E a resposta para essa indagação é bem simples. Trata-se, em linhas gerais, de um modelo de moradia compartilhada e colaborativa, originário da Dinamarca em meados do século passado, consistente, basicamente, em um condomínio composto por um agrupamento de habitações em torno de um espaço comum, pensado e gerido pelo respectivo grupo de moradores.
Nesse modelo de moradia, o grupo planeja, constrói e promove a gestão das áreas privadas e das áreas comunitárias de acordo com as respectivas necessidades. Assim, é previamente planejado e definido pelo próprio grupo de moradores aquilo que será privado é aquilo que será compartilhado. Nesse caso, as áreas compartilhadas são planejadas e gerenciadas colaborativamente entre todos, com a intenção preponderante de promover e incentivar a interação, as afinidades, os vínculos afetivos e o auxílio mútuo entre os respectivos moradores.

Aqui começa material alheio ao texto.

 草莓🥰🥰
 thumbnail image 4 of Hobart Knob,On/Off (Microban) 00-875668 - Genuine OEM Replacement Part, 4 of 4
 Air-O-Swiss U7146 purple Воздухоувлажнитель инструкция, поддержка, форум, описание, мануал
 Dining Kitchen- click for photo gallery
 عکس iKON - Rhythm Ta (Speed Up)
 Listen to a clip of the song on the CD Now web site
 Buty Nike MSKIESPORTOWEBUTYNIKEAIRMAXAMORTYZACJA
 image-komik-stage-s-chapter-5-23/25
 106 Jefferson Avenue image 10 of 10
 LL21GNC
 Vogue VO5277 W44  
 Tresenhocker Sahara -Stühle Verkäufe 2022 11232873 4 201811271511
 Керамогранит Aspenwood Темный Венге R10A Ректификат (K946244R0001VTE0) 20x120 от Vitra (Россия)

Esse modelo de moradia, em razão dessas características e dos benefícios dele decorrentes, foi idealizado, inicialmente, para o público de idade madura, mas nada impede que seja utilizado para outros públicos, com interesses e afinidades comuns, tais como, por exemplo, um grupo de amigos veganos, um grupo de intelectuais nudistas, um grupo de aposentadas atrizes da produtora de vídeos Brasileirinhas etc.

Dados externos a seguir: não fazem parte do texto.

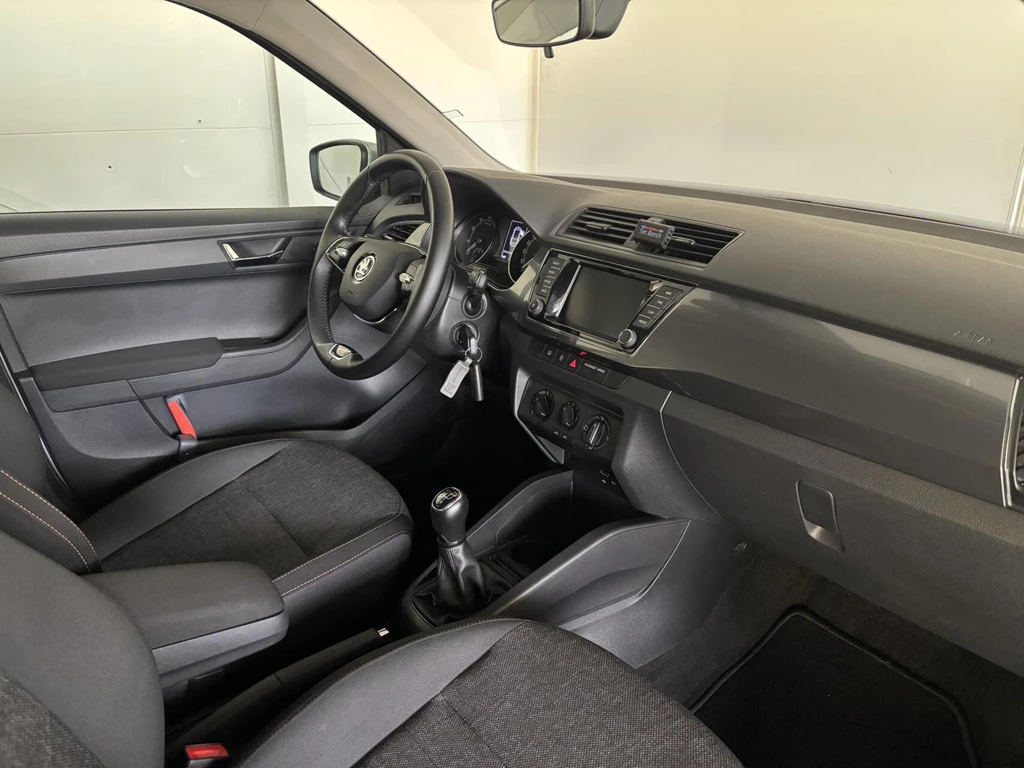  https://morgenlease.images.ilsa.cloud/65c04002-bba1-4e6f-b03a-0a1927420180.webp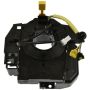Standard Ignition CSP245 Clock Spring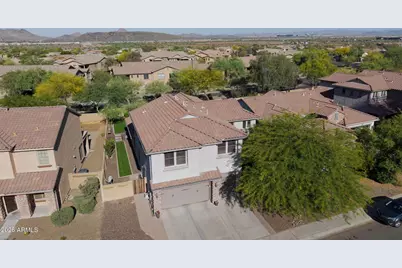 29216 N 20th Lane, Phoenix, AZ 85085 - Photo 49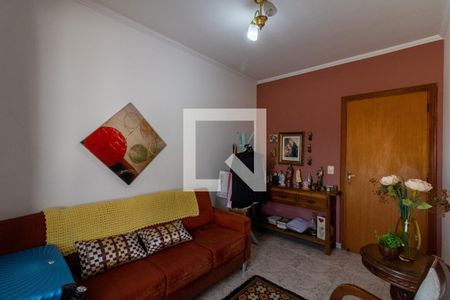 Quarto 3 de casa à venda com 3 quartos, 201m² em Vila Galvão, Guarulhos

Oportuno se faz esclarecer que essa modalidade de moradia difere do coliving. O cohousing trata de habitações edificadas em espaços compartilhados. Mais especificamente, cada morador tem a própria casa, mas compartilha espaços públicos, tais como jardim, área de lazer, dentre outros, com os demais moradores. O coliving, em vez disso, diz respeito à moradia sob um mesmo teto, ou seja, algo parecido com a tradicional república de estudantes. Nesse caso, cada morador tem um espaço individualizado, tal como um quarto, mas divide com os demais moradores espaços e recursos comuns, tais como cozinha, sala de estar, dentre outros.
Assim, nessa toada, é possível afirmar, de um modo simplista, que a estrutura jurídica do cohousing assemelha-se a um condomínio convencional ou até mesmo a uma associação de proprietários. Apesar disso, impõe-se ressaltar que o nosso ordenamento jurídico não dá tratamento específico a essa matéria, tanto no Código Civil quanto na legislação extravagante.

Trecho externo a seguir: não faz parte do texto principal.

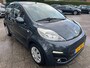 Peugeot 107 1.0 ACTIVE 1e EIGE,NAP,AIRCO,ELEC RAMEN.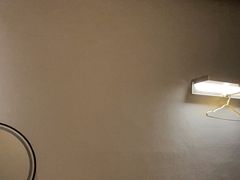 -康道天地(达邦协作广场店)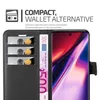 Cadorabo Hülle für Samsung Galaxy NOTE 10 Schutz Hülle in Produktbild-Vorschau 5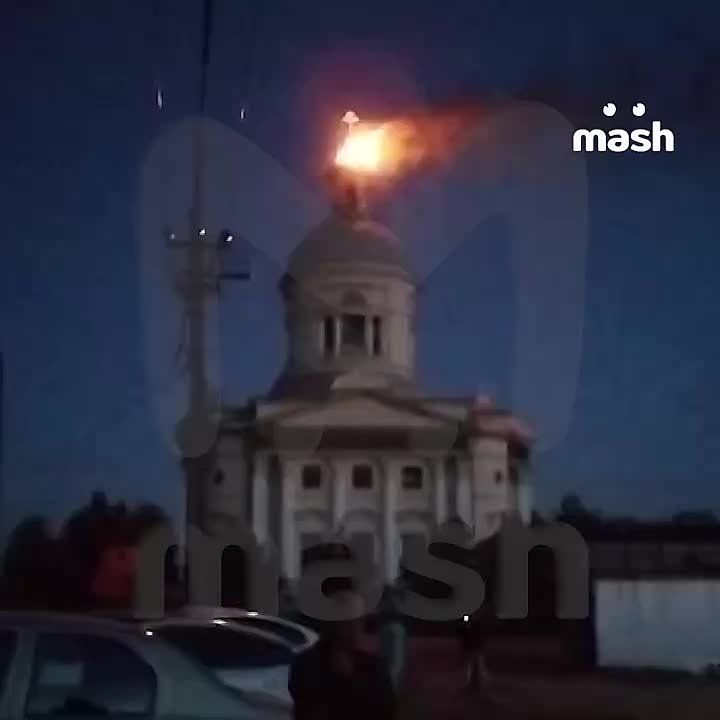 ��� ������� ����� ��������� ���������� ����� � ������ �������� �������� �������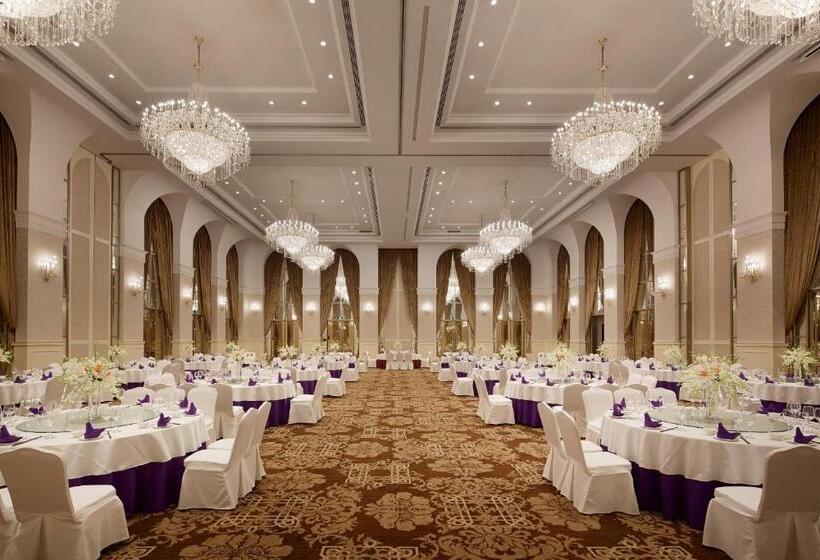 호텔 Yinrun Jinjiang Castle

Diante de tal lacuna, o ajuste de um contrato, mais especificamente de um contrato de moradia compartilhada, é fundamental para se preservar tanto os interesses do grupo quanto os interesses individuais de seus integrantes, mesmo porque o Código Civil e a lei de condomínios, nessas circunstâncias, aplicam-se apenas de forma subsidiária à espécie.
É preciso ter em mente que o sucesso desse tipo de negócio demanda vocação para o convívio compartilhado. Além disso, todos devem ter basicamente os mesmos interesses e as mesmas afinidades — tais como, por exemplo, um grupo de idosos —, e isso deve ficar muito claro no respectivo contrato, já que diz respeito à essência desse tipo de negócio.
Ademais, esse contrato deverá ser claro e inequívoco quanto ao respectivo objeto, ou seja, o cohousing, para que, em caso de conflito, a vontade e a motivação das partes, existentes por ocasião da respectiva celebração, sejam necessariamente preservadas e invariavelmente interpretadas dessa forma.
É importante destacar que nessa modalidade de moradia não há propriamente um síndico, um gerente, tampouco um supervisor, já que todos, ao mesmo tempo, têm acesso e titularidade sobre o imóvel onde o cohousing está instituído. Daí a razão e a necessidade de serem ajustadas, por meio de um contrato de moradia compartilhada, regras claras de convivência, de segurança, de acesso de pessoas estranhas e de serviços domésticos, bem como condições de uso e de manutenção de áreas comuns, dentre outras.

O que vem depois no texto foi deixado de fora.